Practice — TEACH, be tough, push them, make them work harder and more intense than ever before. Get the most out of them, but at the end, let them enjoy a game that will allow them to have fun and want to come back. WE WANT THE KIDS TO COME BACK TO THE NEXT PRACTICE

Games — BACK OFF — LET THEM PLAY. Please. Just be their support system. Whether they play well, or fail, they need you. They want their parents to tell them, “Great game” after they played well. They also want you to tell them, “Get them next time. Let’s forget about it and come back tomorrow with a good practice to work on it” after a bad game.

Kids need someone to turn to after a good game and a bad game. That has to be their biggest support system, mom and dad. Listen, all of the players who consistently work hard and try to get better every day will have an opportunity at baseball or softball at the next level, whatever that level may be.

Do you really want your kid to “get to the next level” if they hate it? 

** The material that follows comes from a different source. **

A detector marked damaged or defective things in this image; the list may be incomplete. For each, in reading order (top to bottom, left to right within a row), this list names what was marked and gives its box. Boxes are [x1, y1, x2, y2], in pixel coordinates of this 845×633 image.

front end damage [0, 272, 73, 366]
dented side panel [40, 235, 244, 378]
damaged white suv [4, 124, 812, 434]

I love the game, so much that I am trying to make a career out of it. Whether it’s a good day or a bad day, I love going to work. That’s worth everything in the world. I believe that I love the game because I always made sure I had fun playing it. Whether it was outside, inside, wiffle ball, tennis baseball, whatever; I just wanted to play. The passion came from fun, not pressure. Did I practice hard? Absolutely. Did I play hard? Yes. But more importantly, did I have fun? More than anyone else on the field. I believe that I love the game because it is a game and it’s meant to be a game. There’s a time and place to make it a job, not when you’re 10. Not even when you’re 17. If your child has the opportunity to play at the college or professional levels, that’s when their coaches, advisors and management can make it a job. By that time, they will have so much love for the game that they won’t care if it’s work.

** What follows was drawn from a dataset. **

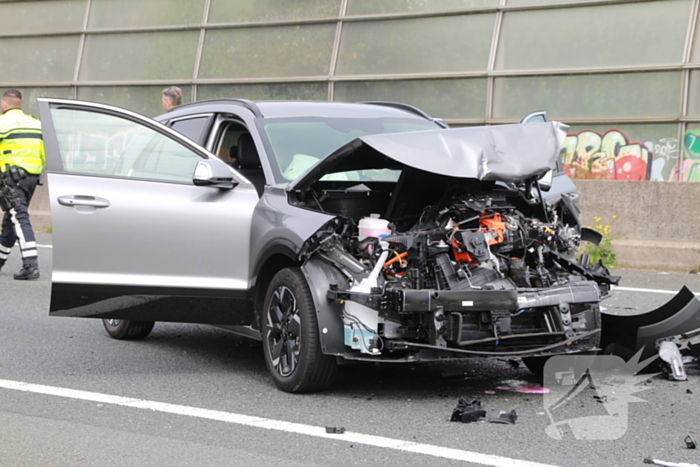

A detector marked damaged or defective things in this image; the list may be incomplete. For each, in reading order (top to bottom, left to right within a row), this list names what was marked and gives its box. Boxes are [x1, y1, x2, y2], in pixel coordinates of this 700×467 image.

crumpled hood [290, 122, 568, 192]
crashed car [39, 98, 612, 394]
crumpled fender [300, 258, 348, 356]
crumpled fender [600, 286, 700, 366]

Parents, do your kids a favor and teach them to love the game. Play with them in the back yard. I know you’re tired when you get home from work, but you have a little athlete that wants to play catch and hit in the back yard with you. Take them to the field and let them hit the ball around. Parenting an athlete is tough, I know. I watch parents bring their kids all over God’s creation every single day for their sports. It’s exhausting. I just think that they need mom and dad to play with them more. I think they need you guys to get outside and let them enjoy playing catch and playing little games with you in order to love the game even more.

Teaching your kid to love working hard is the toughest thing to do. If they love what they do, it’s never work.